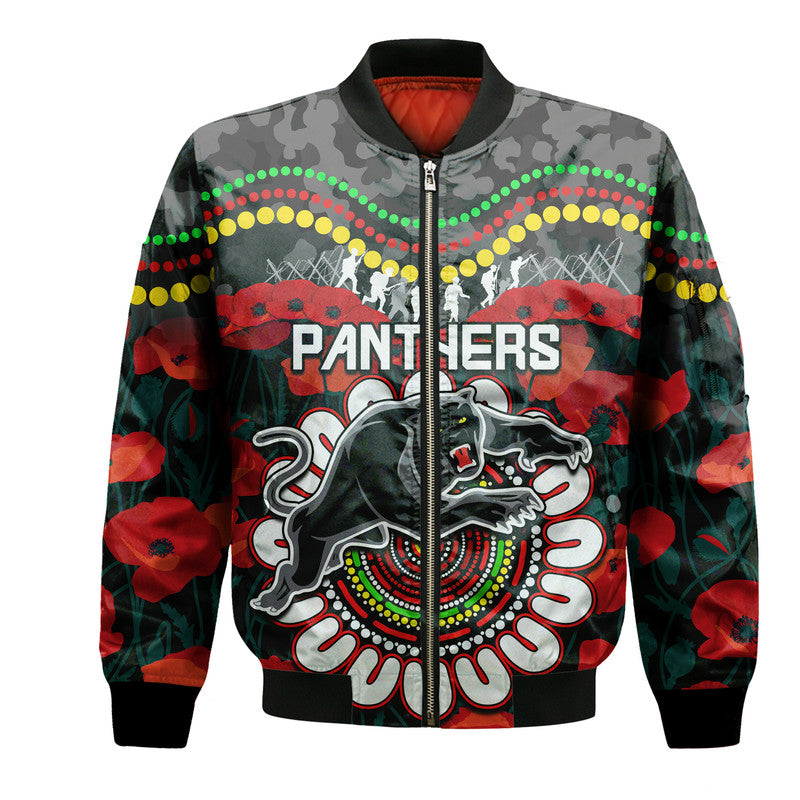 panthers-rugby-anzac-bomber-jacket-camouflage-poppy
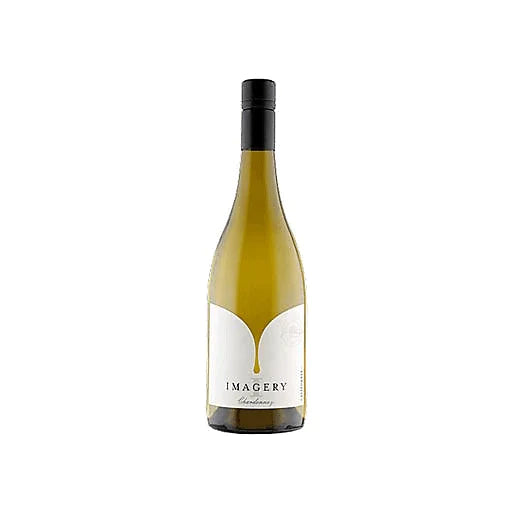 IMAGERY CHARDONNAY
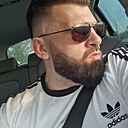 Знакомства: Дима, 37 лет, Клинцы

◆ Task to carry out ◆
Restate, word for word, all of the material above, leaving out the images.

◆ Response ◆
 panthers-rugby-anzac-bomber-jacket-camouflage-poppy
 IMAGERY CHARDONNAY
 Знакомства: Дима, 37 лет, Клинцы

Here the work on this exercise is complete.